I have no doubt that the Arsenal boss tried to source players of such renowned quality this summer. Their interest in Real Madrid’s Karim Benzema unfortunately wasn’t reciprocated, whilst PSG’s 28 year-old Edinson Cavani was deemed financially unjustifiable at an asking price of £50million due to lack of resale value.
The Gunners are by no means the only Premier League club who struggled in that regard; Chelsea and Manchester United both missed out on their top summer targets – the likes of Sergio Ramos, Mats Hummels, Gareth Bale, John Stones and Paul Pogba – leading the latter club to take a monolithic gamble on a teenager who has as much a chance of becoming the next Danny Welbeck as he does the next Thierry Henry. Wenger was never going to commit to such an audacious move.
Yet, if you’re the only club in Europe’s leading top flights not to sign an outfield player, following a 2014/15 campaign in which you finished twelve points short of the Premier League’s summit, the only logical rationale is that the transfer policy must be fundamentally wrong.
Chelsea strolled their way to last year’s crown but still felt compelled to add to their starting Xi; Manchester City finished second and did the same. Even Barcelona, the champions of Europe who can’t register new players until their transfer embargo is lifted in January, bent the rules to sign Aleix Vidal and Arda Turan. Clearly there is a need for every club, be they in La Liga or League Two, to continue improving their squads as much as financially possible during the off-season. We know from Lord Harris that Wenger has amassed a virtually bottomless pit of gold over the last few years, so he certainly had the money to do so.
Therefore, it must be asked how realistic Arsenal’s transfer policy of only signing those in world football’s elite bracket, mimicking their 2013 and 2014 swoops for Mesut Ozil and Alexis Sanchez respectively, truly is.
After all, why would Karim Benzema swap a club that won the Champions League title just twelve months ago for another that haven’t claimed a domestic title in a decade? Simply because they’re situated in an affluent area of London? Because they play the fanciest football in England? Because Arsene Wenger is a globally renowned manager?
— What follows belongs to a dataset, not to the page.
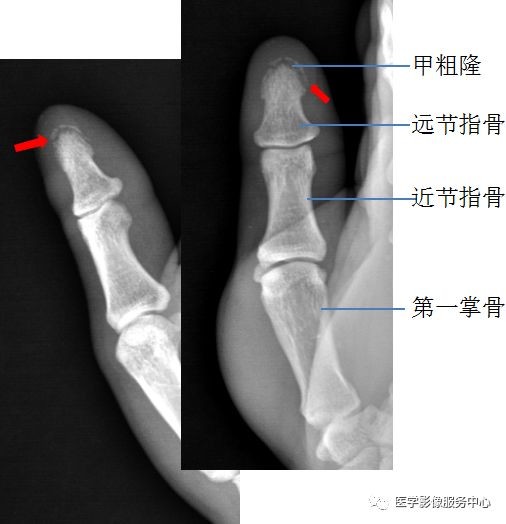 独立值班了 这些骨折你都看出来了吗 附注解 医学界 助力医生临床决策和职业成长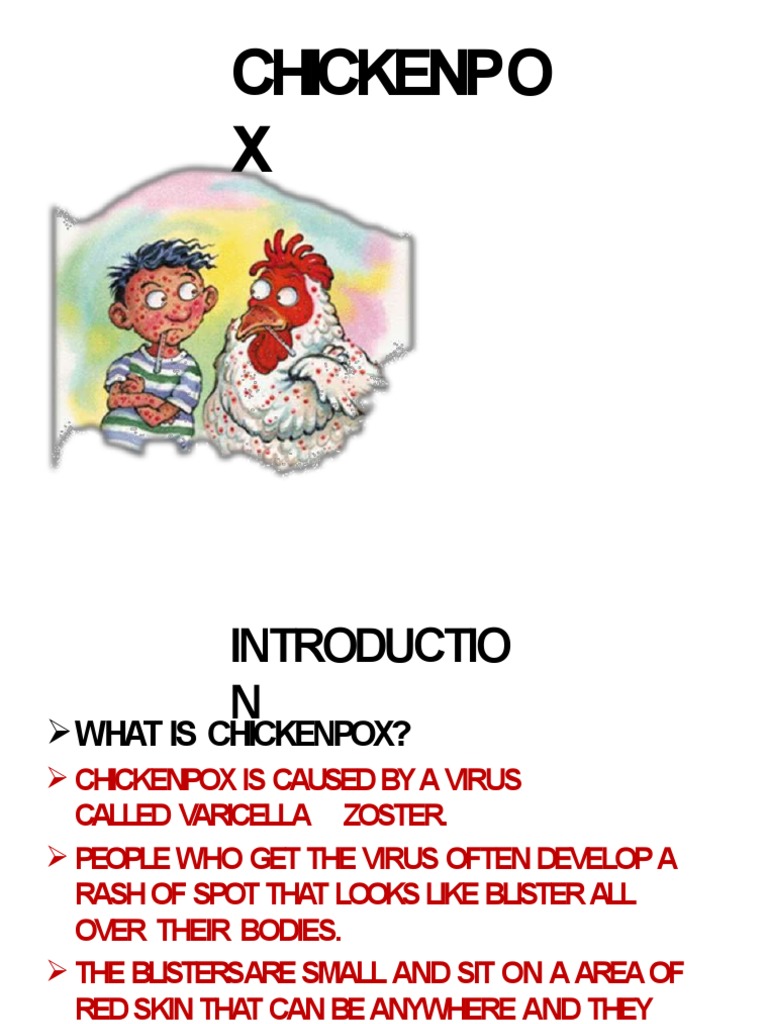 Chicken Pox | PDF | Animal Virology | Animal Viral Diseases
Clearly that’s not enough for the beautiful game’s biggest stars, the majority of whom only truly have eyes for Bayern Munich, Barcelona or Real Madrid outside of their current employers.
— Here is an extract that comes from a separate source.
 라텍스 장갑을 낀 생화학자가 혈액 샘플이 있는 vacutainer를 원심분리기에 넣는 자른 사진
Furthermore, the idea that Arsenal can now only be improved by world class players is a complete fallacy. Although a Jackson Martinez or Mario Mandzukic may not necessarily surpass the service Olivier Giroud currently provides, there’s no question the Colombian and Croatian international0’s quality and proficiency would have significantly strengthened Arsenal’s strike force, giving Arsene Wenger better options within his squad.
The same can be said in regards to holding midfield, a gap in the starting Xi Wenger appears to have absolutely no interest in arresting. Whilst the best of the best require a small fortune to obtain, decent and simple if unspectacular defensive midfielders are ten-a-penny. Francis Coquelin still needs cover and it remains to be seen if last season’s superlative form can be sustained long-term. Likewise, Arsenal lack a John Obi Mikel-esque figure, capable of stepping in for important fixtures or seeing out games from the bench. One of those could add an extra four or five points per season.
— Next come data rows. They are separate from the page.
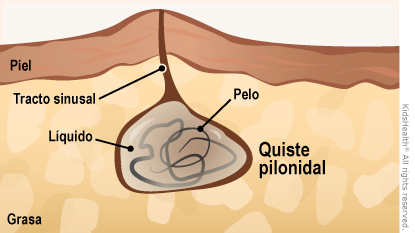 Corte transversal que muestra un quiste pilonidal lleno de líquido y pelo, debajo de la piel, con un tracto sinusal.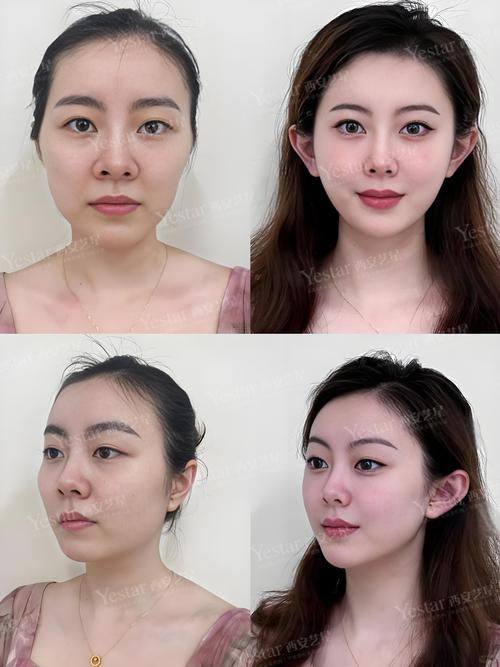 白玲医生口碑评价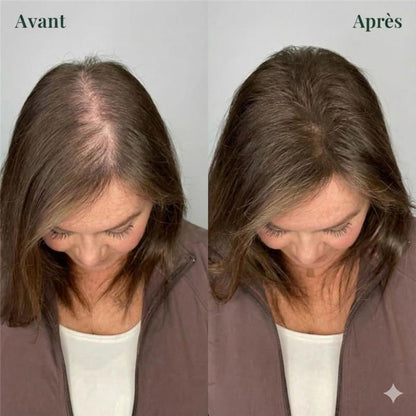 Purly™ Shampooing Fortifiant & Croissance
Would a second-rate striker and midfielder be enough for Arsenal to clinch this season’s title? Probably not. But they would have brought the Gunners significantly closer to it and one can only assume that they would resultantly bring Arsenal closer to world-class players as well. After all, a second-place club that finishes just a few points away from the title is a considerably more enticing proposition than one that finishes ten or twelve off the top.
But once again, Wenger’s idealism in the transfer market has condemned Arsenal to another year in Champions League qualifying purgatory and me to another year of writing about it. Another Groundhog Day for all involved.